Just over 1.7m cars were produced in the UK in 2016, an increase of 8.5% on 2015, and the highest number for 17 years, according to figures realised by the Society of Motor Manufacturers and Traders (SMMT).

Exports drove this growth. In total, 1.3m cars were built in the UK for export – an increase of 10.3%. Overall this meant that 78.8% of all cars built in the UK were destined for foreign consumption.

Just over half of these (56%) were exported to the EU, while the US accounted for 14.5% of exports. The SMMT noted that demand for British made cars in the US grew by 47.5% in 2016. It added that notable uplifts were also seen in Turkey, Japan and Canada.

Half of the top ten best-selling British made car models were Land Rovers (the Range Rover Sport, Range Rover Evoque and Land Rover Discovery Sport) or Jaguars (the F-Pace and XE). In total, Jaguar Land Rover manufactured 544,401 cars in 2016, an increase of 11.1% year-on-year.

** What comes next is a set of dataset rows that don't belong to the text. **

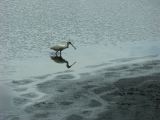 Wildlife Park_23
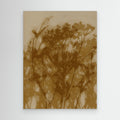 Abstract Florals. Wild flowers in ochre, brown on beige. by Dina Dankers Canvas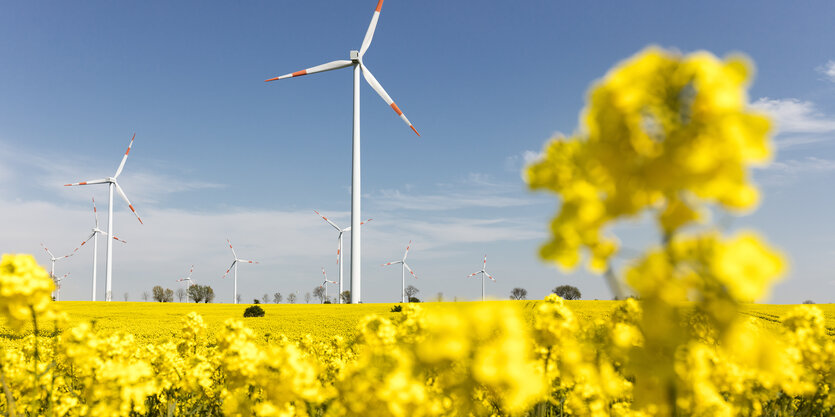 Ein Rapsfeld, im Hintergrund Windräder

The Nissan Qashqai, built in Sunderland, was the best-selling British made car in worldwide, however.

While growth wasn’t quite as strong for cars built for domestic use, it still increased by 2.4% year-on-year, to 359,796. One in seven new cars registered by UK buyers is now made in Britain, up from one in eight three years ago.

Mike Hawes, SMMT chief executive, said, “The tremendous growth in UK production is testament to the global competitiveness of the UK automotive sector. High class engineering, advanced technology and a workforce committed to quality have helped turn around the industry, making the UK among the most productive places in Europe to make cars.

“Significant investment in new plants and products over the past few years has driven this growth, not a post-Brexit bounce. We want trade deals but they must be the right deals, not rushed deals. Failure to do so could damage the UK automotive manufacturing beyond repair.”